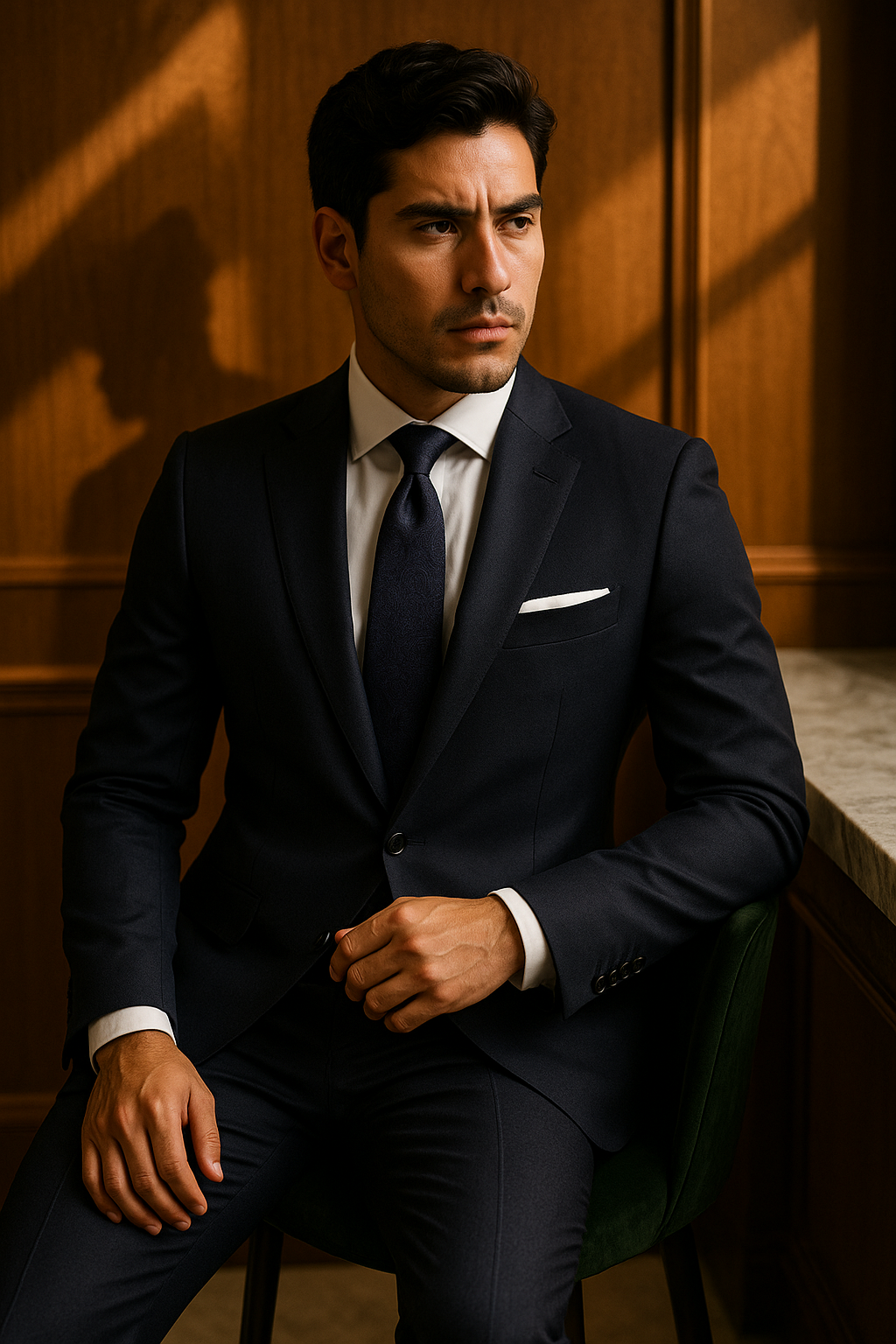 AI generated marketing image for Paisley Blues Traditional Tie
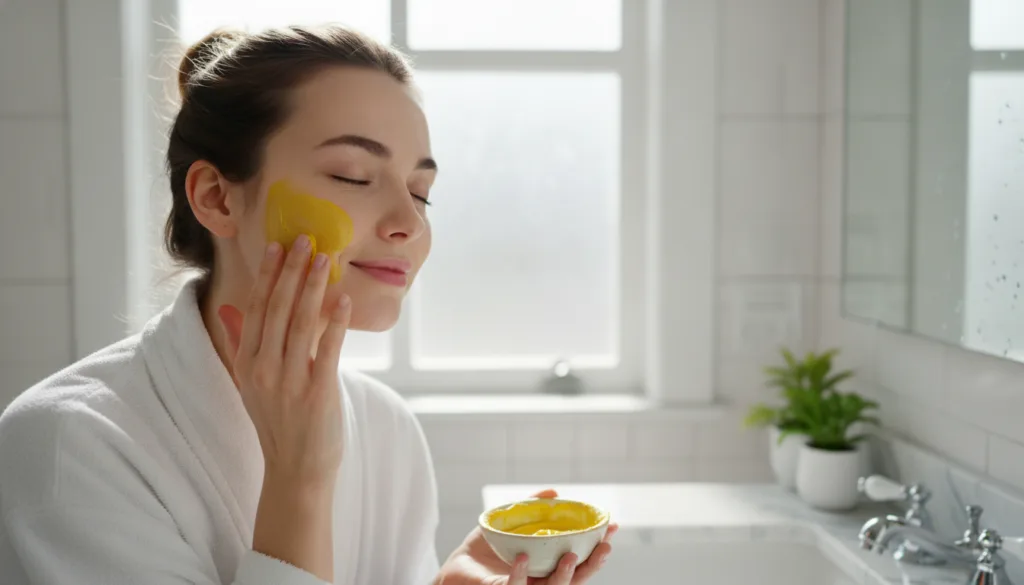 A woman gently applying the yellow paste to her face focusing on her cheek or forehead with a soft natural expression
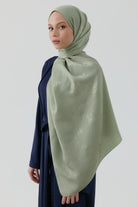 Floral Jakar Naturel Şal - Mint TUGBA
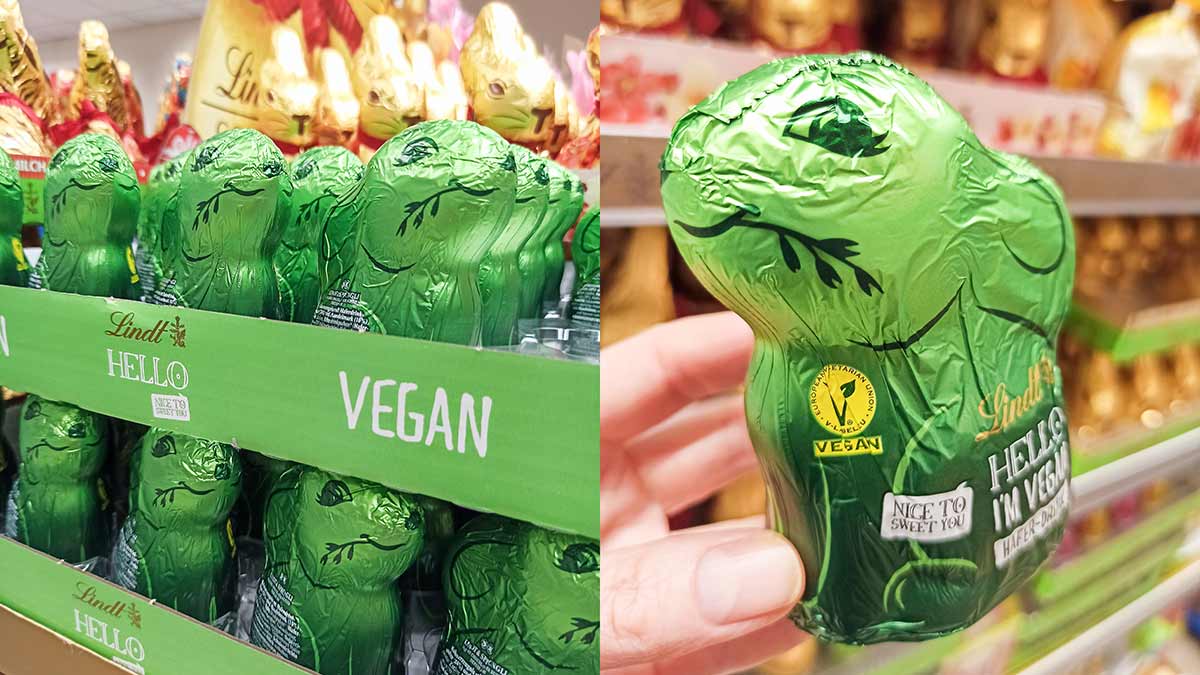 Der Schokohase von Lindt Hello ist vegan. Lindt Hello Veganer Schoko Osterhase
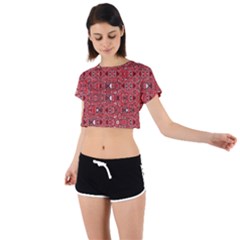 Abstract Red Black Checkered Tie Back Short Sleeve Crop Tee by SpinnyChairDesigns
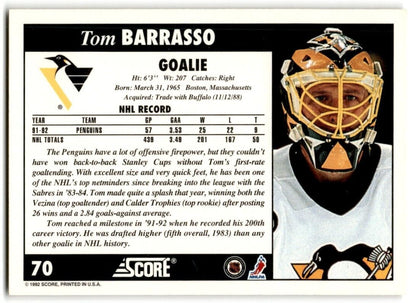 1992-93 Score Tom Barrasso Pittsburgh Penguins #70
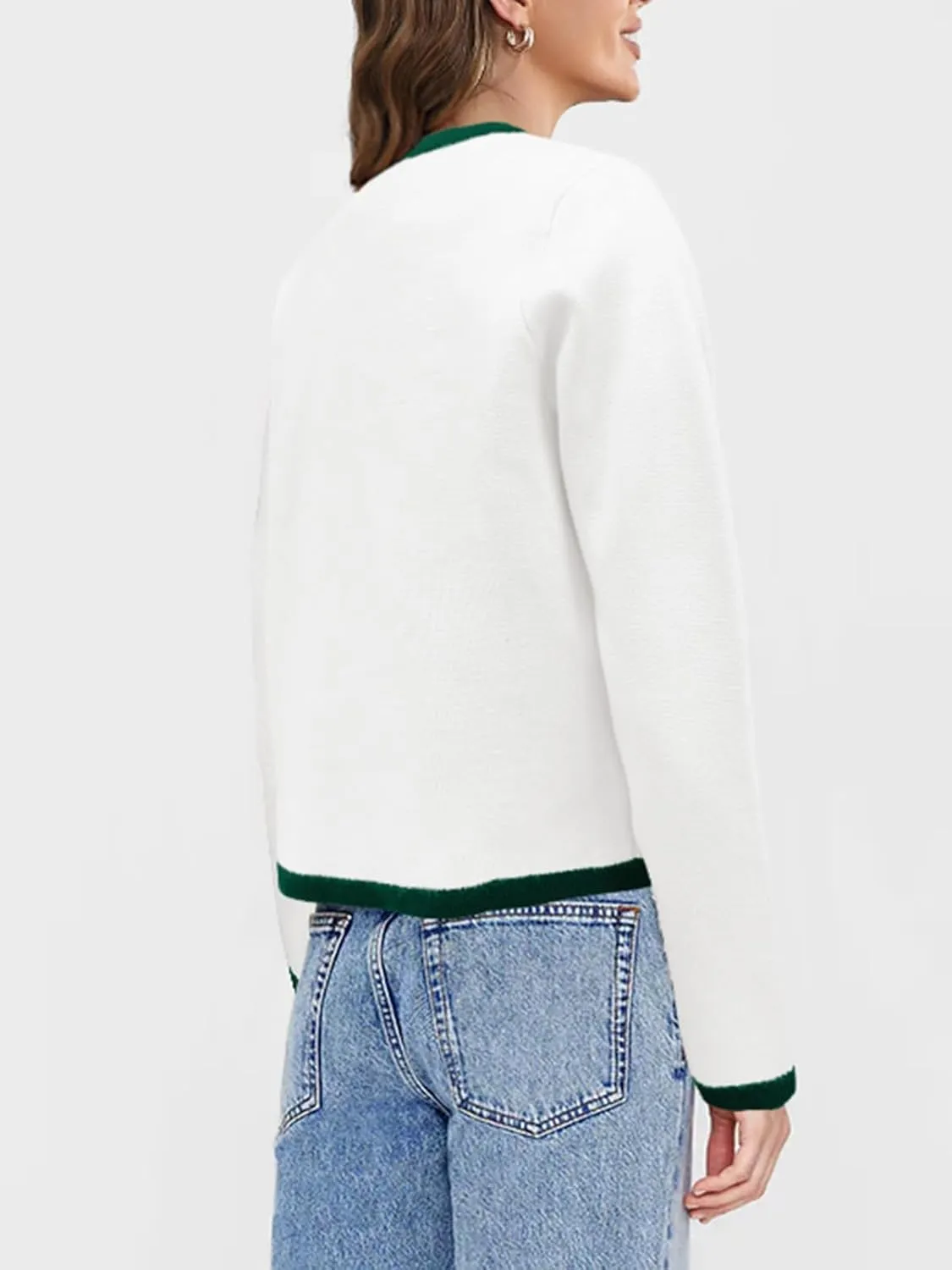 SuperPrity Cardigan Sweaters for Women Long Sleeve Button Down Cropped Knit Coat Jacket with Pocket 2024 Fashion Fall Outfits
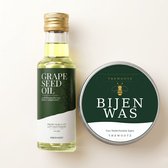 TheWootz Onderhoudsduo Snijplank 100ml – 100% Druivenpitolie + Bijenwas 50g – Compleet Onderhoud voor Houten & Bamboe Snijplanken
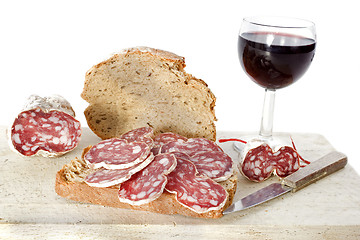 Image showing slice of saucisson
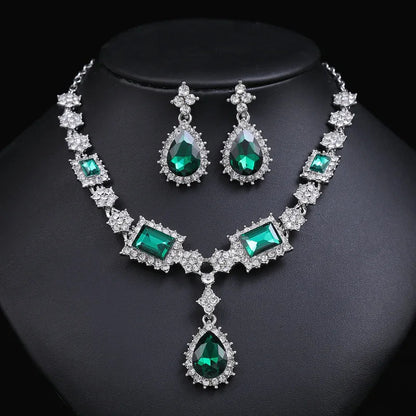 Bridal Jewelry Set Wholesale Silver Plated Red Green Blue Crystal Rhinestone Drop Earrings and Luxury Wedding Necklace for Women Good Vibrations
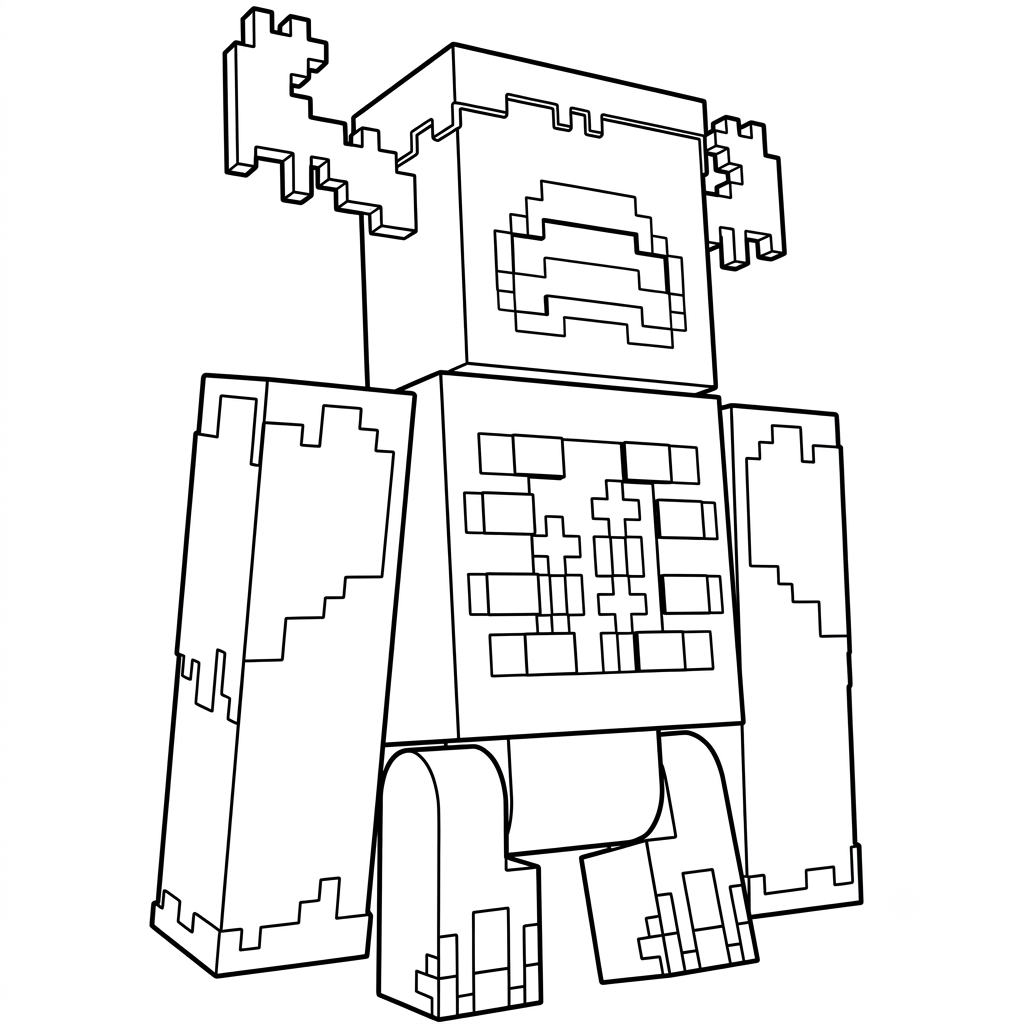 felices páginas para colorear Warden Minecraft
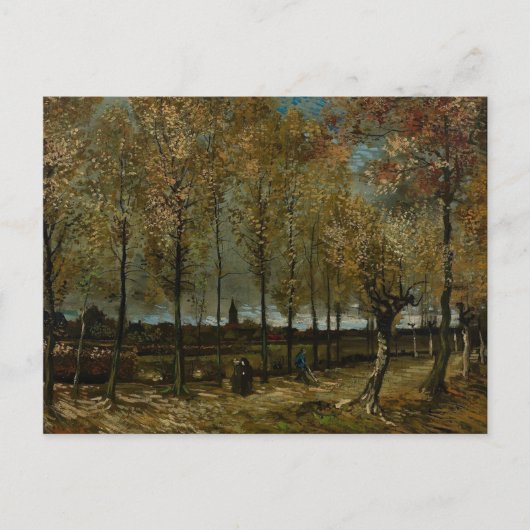 Lane mit Poplars bei Nuenen - Van Gogh - c1885 Postkarte (Vorderseite)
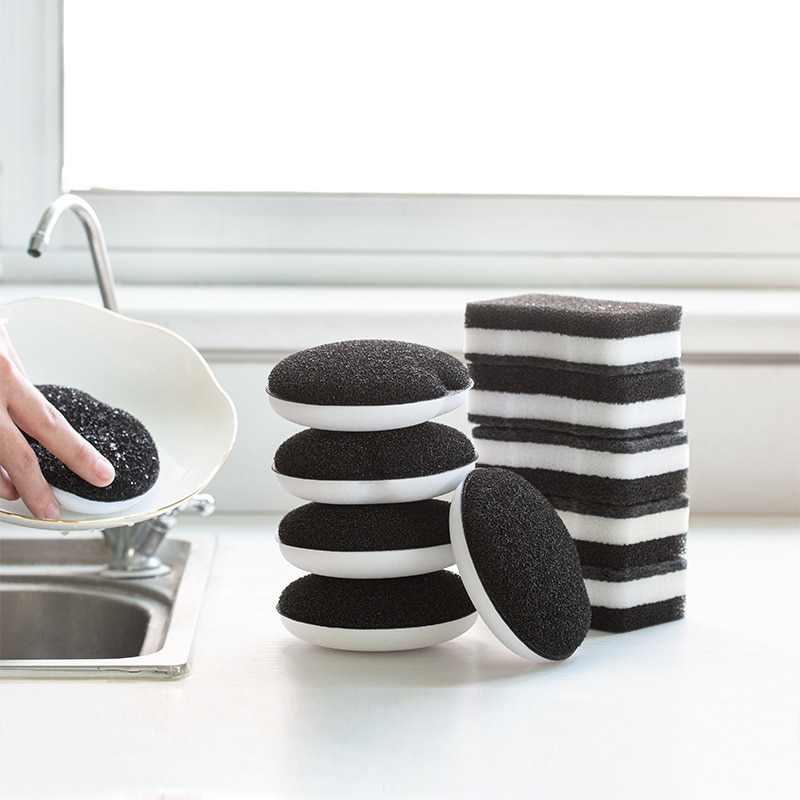 Esponja de limpieza de lavavajillas de doble cara de 5 uds., almohadilla de plato, olla, esponja de fregado fácil de limpiar, esponja de cocina, cepillos de limpieza, exfoliante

§ §

__ACTIVITY__:
Return exactly the lines starting at the line with "Floral Jakar Naturel Şal - Mint TUGBA" and ending at the last line of the listing, both ends included; pictures are to be left out.

__RESPONSE BOX__:
 Floral Jakar Naturel Şal - Mint TUGBA
 Der Schokohase von Lindt Hello ist vegan. Lindt Hello Veganer Schoko Osterhase
 Abstract Red Black Checkered Tie Back Short Sleeve Crop Tee by SpinnyChairDesigns
 1992-93 Score Tom Barrasso Pittsburgh Penguins #70
 SuperPrity Cardigan Sweaters for Women Long Sleeve Button Down Cropped Knit Coat Jacket with Pocket 2024 Fashion Fall Outfits
 TheWootz Onderhoudsduo Snijplank 100ml – 100% Druivenpitolie + Bijenwas 50g – Compleet Onderhoud voor Houten & Bamboe Snijplanken
 Image showing slice of saucisson
 Bridal Jewelry Set Wholesale Silver Plated Red Green Blue Crystal Rhinestone Drop Earrings and Luxury Wedding Necklace for Women Good Vibrations
 felices páginas para colorear Warden Minecraft
 Lane mit Poplars bei Nuenen - Van Gogh - c1885 Postkarte (Vorderseite)
 Esponja de limpieza de lavavajillas de doble cara de 5 uds., almohadilla de plato, olla, esponja de fregado fácil de limpiar, esponja de cocina, cepillos de limpieza, exfoliante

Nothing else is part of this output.